In it were Shaykh Abdal Qadir as-Sufi and Dr Abdalkhabir al-Amirki. I went over and asked the latter, the driver, if we could continue down the road with them. With great majesty and force the former said ‘get in’. I mentioned my companionne in the café. ‘Get her!’
We stopped after leaving the town. F. and Mason’s with toast on a gas primus in the desert. They were westerners no doubt, and surely interesting in their relationship to each other – most polite and crisp.
Almond blossom in the ochre qasbah of Qalaat Mgouna, against blue, with pomegranate trees, apricots, and rivulets running to the side of our sufra, our table cloth, spread on the ground, served by a black man, ex-slave but by preference still around after the voices’ decree of ‘liberté‘, the booming thumping around us of the workers pounding the moist adobe earth between the shuttering to make the new walls, accompanied by Allah, Allah, Allah
Sight of veiled girls and woman half hiding as they look on at us from an outbuilding. When I asked Shaykh Abdal Qadir why, he said you will understand later. Shaykh Muhammad al Basri asks for a room with reed matting to be prepared for the night for both of us. With hindsight, most accommodating.
Singing evening in the pink room of geometric designs, then eating together with Si Muhammad al Basri, the Muqaddam of Shaykh Muhammad ibn al Habib and the father of the present Shaykh Mortada Elboumashouli, and his brother. The enormous platters of meat and prunes, of chickens, of sweet angel hair pasta with raisons, following one after the other, culminating in the tea-making of a man in the corner of the room surrounded by the utensils and served by another with boiling water – all an explosion of colour, and sensual for us, the poor, the unknowing, the seeking. The sharing too, the many hands, the conversation.
A realisation that everything was beginning to make sense, that the turbulence of the past was just a shake up for this. Meanings rushed in to every scene, every conversation, every movement. I was moving now into something written, destined, I had no choice. It was only afterwards that I came upon the rational explanation for what was happening – in the Quran where Allah ta’ala says ‘When Allah desires to guide someone, He expands his breast to Islam.’ Despite the overwhelming changes in existential perception, I was to know later that it was quite normal.

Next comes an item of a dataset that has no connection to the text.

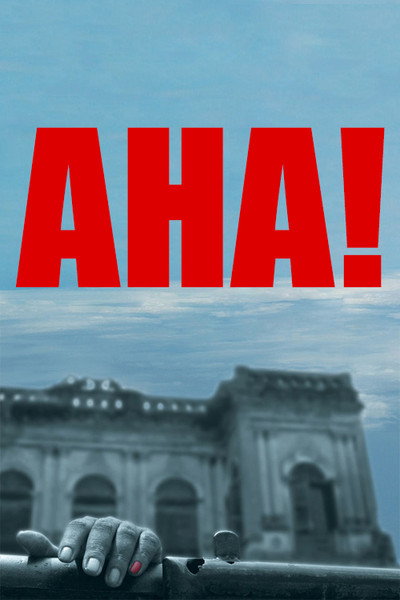 Póster de Aha!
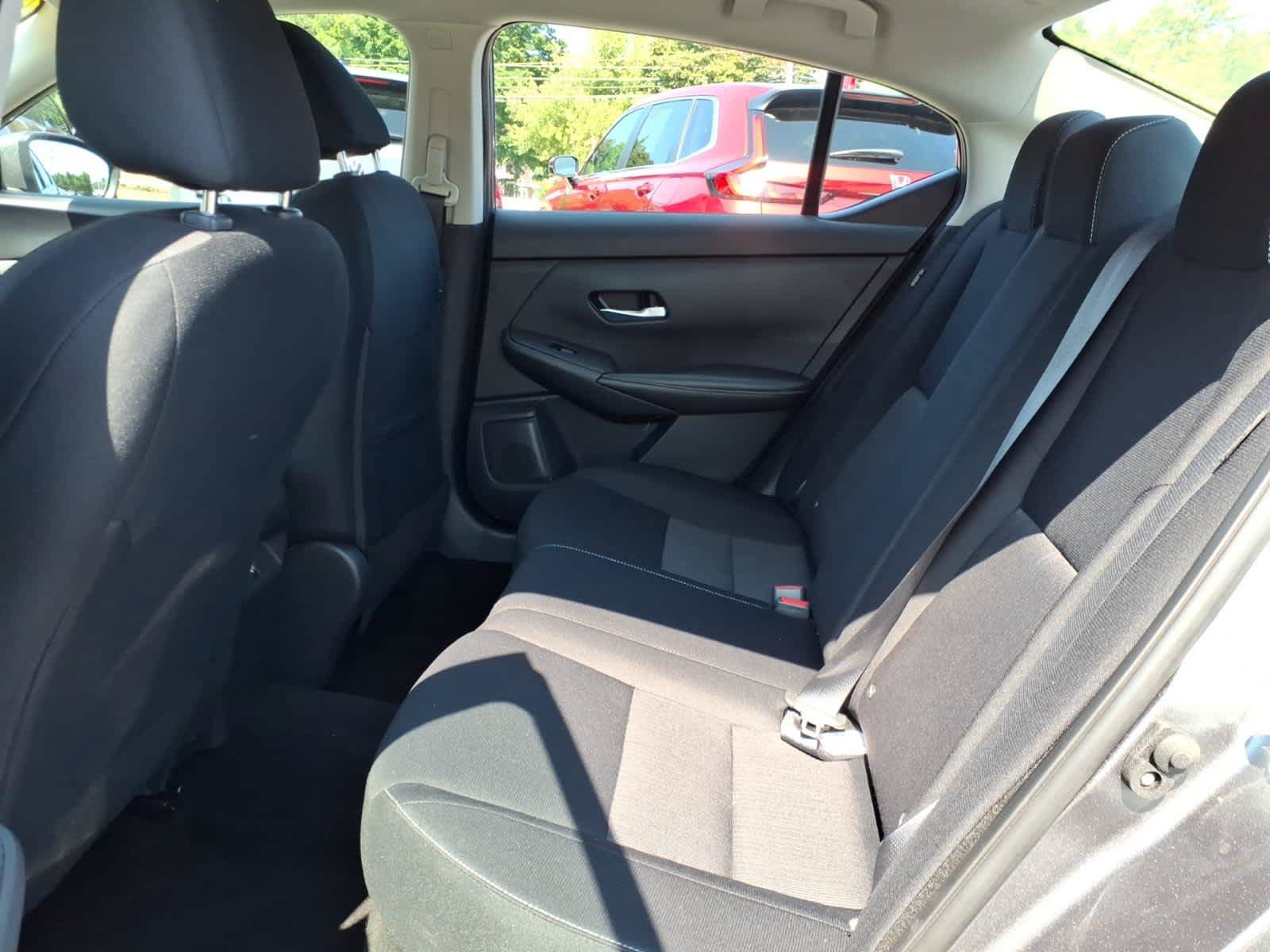 Certified 2023 Nissan Sentra SV FWD image 13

Shower, purity afterwards, without knowing formally that a ghusl is necessary before becoming Muslim. It had happened despite my self, my heart had recognized the truth in those men from Qalaat Mgouna and those who had called me in. This I realized later was called fitra, that natural awareness of each of us of what is right. My fitra could dominate after the structures of childhood dissolved. I began to perceive that Islam was not a religion but a way of being, a way of right acting, and an ever present awareness of the Truth which was not out there, foreign, but rather already contained within oneself – and covered variously by the fantasies and structures crystalized by the self into a personal history which one worships to a greater or lesser degree. This worship of personality yields unwillingly to this fitra also residing in the self. The colour, the joie de vivre, the affirmation of life, the social reality of Qalaat Mgouna was the deen, was a way of living far from the christian stereotypes of being in the world. So this becoming Muslim was not a sudden conversion but a gradual uncovering to myself of the veils of the self. The initial uncoverings were mind-blowing, as the term went then, i.e. the mind or the usual parameters of thinking were blown upon to be able to receive the – as I later understood – the nafahaat of the Lord, the breezes of mercy and knowledge; wave upon wave of new seeings engulfed my conscious self. They became less reduced in size but continued and still continue to this day for the self, the veil, is vast, as vast as the universe itself.
I was aware that my companionne was not subject to the same, I was losing her or she was losing me. A break ensued. Painful. Kataba Allah ma kataba.